→ **Exercise goal**:
The line containing "Fremhævet set fra", and every line after it to the end of the listing, should be repeated exactly; the pictures should not.

→ **Data section**:
☆ ☆ ☆

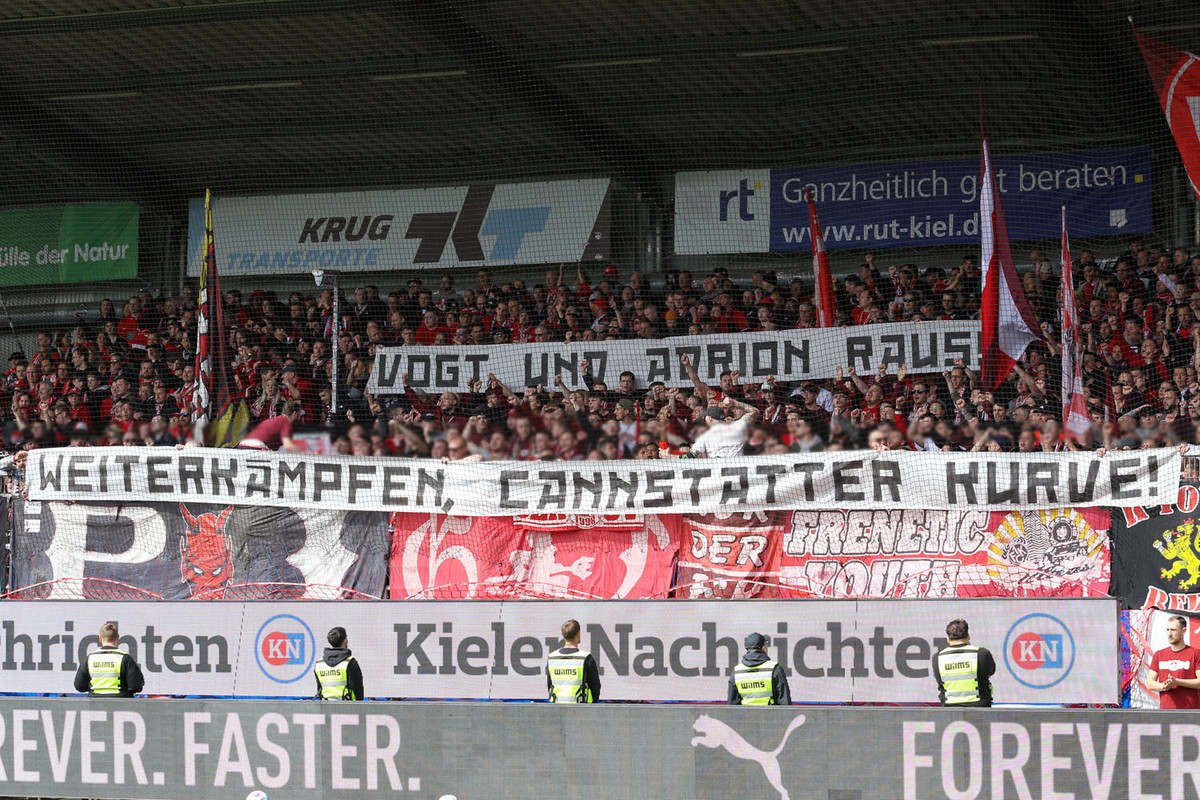 holstein-kiel-1-fc-kaiserslautern-2-bundesliga-2023-2024-10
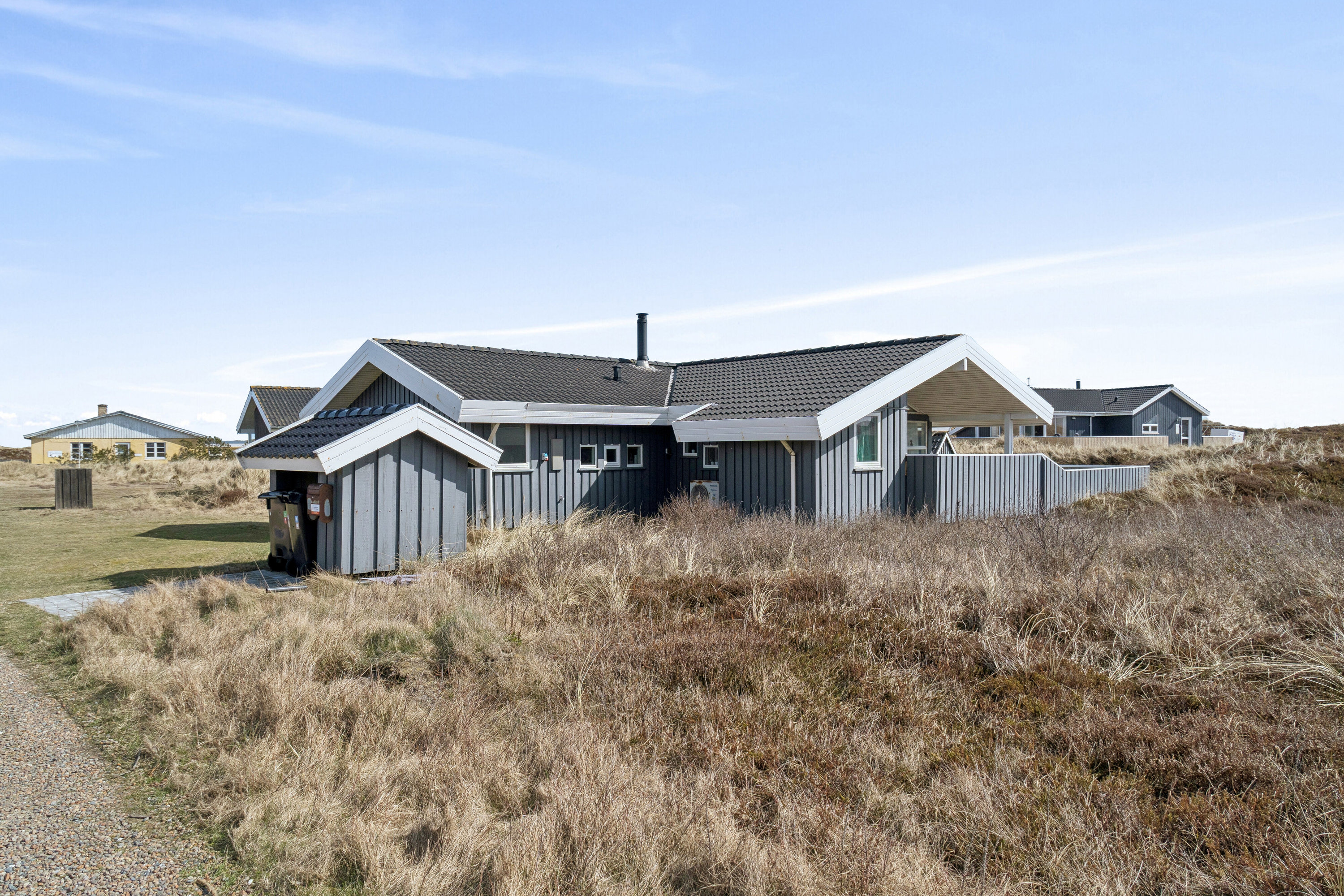 Fremhævet set fra vejen billede i fuldskærmstilstand. Billede af Krinkelkrogen 14, Lild Strand, 7741 Frøstrup
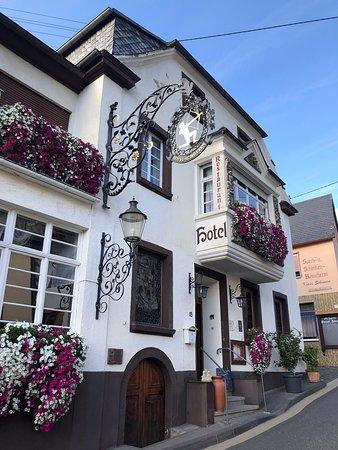 Weingut Schutzen Restaurant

☆ ☆ ☆

→ **Written answer**:
 Fremhævet set fra vejen billede i fuldskærmstilstand. Billede af Krinkelkrogen 14, Lild Strand, 7741 Frøstrup
 Weingut Schutzen Restaurant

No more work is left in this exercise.